* [Work task]:
What lines in the material hold the string "Hotel"? Return every one of them.

╔══

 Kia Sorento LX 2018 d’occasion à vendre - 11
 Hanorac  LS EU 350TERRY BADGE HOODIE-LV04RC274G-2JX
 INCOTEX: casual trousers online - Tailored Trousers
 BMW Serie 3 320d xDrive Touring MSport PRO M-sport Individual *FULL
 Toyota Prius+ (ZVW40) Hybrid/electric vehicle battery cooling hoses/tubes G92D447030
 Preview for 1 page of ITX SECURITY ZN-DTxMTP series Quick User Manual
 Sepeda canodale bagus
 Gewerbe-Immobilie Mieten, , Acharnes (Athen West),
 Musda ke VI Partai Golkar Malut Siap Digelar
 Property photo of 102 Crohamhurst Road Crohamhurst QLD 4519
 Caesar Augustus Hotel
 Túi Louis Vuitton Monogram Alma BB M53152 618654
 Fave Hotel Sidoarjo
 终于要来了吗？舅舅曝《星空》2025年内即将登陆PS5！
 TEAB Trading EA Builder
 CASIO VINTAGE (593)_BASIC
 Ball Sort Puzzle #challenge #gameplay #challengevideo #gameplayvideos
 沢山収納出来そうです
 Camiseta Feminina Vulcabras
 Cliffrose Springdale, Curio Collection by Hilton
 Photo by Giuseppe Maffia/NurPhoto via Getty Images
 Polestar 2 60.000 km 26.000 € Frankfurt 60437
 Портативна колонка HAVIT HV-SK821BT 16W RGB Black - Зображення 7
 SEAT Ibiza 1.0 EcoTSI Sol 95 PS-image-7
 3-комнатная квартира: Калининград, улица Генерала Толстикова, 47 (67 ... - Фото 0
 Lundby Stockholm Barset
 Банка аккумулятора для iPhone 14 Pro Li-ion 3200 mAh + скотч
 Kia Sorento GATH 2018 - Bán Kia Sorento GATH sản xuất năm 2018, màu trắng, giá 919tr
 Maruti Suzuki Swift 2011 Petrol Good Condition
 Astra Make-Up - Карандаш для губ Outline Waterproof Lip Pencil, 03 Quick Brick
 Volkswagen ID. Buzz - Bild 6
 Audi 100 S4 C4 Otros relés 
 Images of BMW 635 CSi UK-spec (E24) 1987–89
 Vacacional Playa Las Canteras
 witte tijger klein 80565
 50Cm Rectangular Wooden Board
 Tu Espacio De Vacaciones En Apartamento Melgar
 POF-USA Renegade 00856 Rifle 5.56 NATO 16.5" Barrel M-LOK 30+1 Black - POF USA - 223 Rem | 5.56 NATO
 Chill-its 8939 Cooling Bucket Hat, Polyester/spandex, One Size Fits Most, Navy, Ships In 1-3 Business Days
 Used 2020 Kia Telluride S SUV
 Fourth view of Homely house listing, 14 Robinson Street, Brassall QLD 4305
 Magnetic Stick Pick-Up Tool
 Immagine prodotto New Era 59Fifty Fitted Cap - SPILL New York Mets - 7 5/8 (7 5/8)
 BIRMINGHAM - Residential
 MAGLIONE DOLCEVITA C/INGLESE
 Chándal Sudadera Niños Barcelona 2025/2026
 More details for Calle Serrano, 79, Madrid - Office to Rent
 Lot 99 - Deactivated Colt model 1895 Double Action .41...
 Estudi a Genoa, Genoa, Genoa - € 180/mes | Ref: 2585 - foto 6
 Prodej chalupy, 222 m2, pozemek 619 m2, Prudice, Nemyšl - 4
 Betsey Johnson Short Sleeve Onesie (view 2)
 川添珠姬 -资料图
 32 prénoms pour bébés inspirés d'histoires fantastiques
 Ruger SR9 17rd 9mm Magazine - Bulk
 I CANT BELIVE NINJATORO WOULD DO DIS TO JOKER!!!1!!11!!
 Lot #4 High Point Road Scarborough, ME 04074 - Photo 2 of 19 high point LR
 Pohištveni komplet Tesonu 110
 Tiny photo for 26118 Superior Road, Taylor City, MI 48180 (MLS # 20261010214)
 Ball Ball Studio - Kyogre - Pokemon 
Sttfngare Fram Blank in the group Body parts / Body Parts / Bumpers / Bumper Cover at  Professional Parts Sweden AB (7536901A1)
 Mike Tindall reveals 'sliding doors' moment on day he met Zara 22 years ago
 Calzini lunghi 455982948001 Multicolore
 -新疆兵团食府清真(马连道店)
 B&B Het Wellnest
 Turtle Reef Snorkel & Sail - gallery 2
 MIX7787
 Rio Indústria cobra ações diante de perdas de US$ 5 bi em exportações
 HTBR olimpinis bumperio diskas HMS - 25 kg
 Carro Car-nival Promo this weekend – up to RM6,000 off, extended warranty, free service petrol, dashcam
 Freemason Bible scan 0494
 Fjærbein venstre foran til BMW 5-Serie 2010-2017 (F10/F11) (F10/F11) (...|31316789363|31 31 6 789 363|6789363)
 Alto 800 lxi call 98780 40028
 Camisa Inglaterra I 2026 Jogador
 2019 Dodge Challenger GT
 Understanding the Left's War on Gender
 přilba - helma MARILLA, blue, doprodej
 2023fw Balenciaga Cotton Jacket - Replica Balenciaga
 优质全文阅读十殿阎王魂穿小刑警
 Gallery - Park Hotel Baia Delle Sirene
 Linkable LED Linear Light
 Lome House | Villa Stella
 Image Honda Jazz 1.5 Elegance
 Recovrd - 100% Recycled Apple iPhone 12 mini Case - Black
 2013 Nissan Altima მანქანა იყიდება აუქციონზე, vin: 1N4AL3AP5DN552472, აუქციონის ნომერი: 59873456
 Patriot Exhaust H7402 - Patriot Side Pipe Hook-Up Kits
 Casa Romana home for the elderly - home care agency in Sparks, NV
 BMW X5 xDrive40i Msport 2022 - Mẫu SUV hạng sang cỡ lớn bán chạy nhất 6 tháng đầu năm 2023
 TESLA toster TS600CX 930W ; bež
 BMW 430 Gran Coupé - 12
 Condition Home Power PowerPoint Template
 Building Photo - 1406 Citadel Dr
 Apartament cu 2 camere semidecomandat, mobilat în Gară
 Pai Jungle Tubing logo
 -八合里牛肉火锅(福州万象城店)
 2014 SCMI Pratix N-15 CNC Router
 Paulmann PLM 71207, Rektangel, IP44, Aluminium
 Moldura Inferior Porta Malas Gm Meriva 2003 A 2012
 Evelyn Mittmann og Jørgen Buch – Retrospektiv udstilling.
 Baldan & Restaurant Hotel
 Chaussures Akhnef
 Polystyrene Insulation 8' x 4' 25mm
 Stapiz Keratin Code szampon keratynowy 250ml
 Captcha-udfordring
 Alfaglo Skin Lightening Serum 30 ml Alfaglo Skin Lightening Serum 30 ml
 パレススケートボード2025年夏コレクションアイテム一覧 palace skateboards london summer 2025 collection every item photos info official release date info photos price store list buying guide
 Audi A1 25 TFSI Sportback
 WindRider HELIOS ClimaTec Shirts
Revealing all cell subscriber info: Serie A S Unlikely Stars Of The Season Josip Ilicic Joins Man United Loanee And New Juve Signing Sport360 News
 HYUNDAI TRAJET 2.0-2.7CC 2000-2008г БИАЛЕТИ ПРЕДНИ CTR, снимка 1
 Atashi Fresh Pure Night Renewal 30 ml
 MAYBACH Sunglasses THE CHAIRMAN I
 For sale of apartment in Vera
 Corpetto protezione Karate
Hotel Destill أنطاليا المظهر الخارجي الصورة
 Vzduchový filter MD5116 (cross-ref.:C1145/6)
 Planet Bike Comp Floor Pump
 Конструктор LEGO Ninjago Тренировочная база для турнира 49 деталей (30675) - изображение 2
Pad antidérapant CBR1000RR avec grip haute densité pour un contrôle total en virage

╚══

* [Exercise solution]:
 Caesar Augustus Hotel
 Fave Hotel Sidoarjo
 Gallery - Park Hotel Baia Delle Sirene
 Baldan & Restaurant Hotel
Hotel Destill أنطاليا المظهر الخارجي الصورة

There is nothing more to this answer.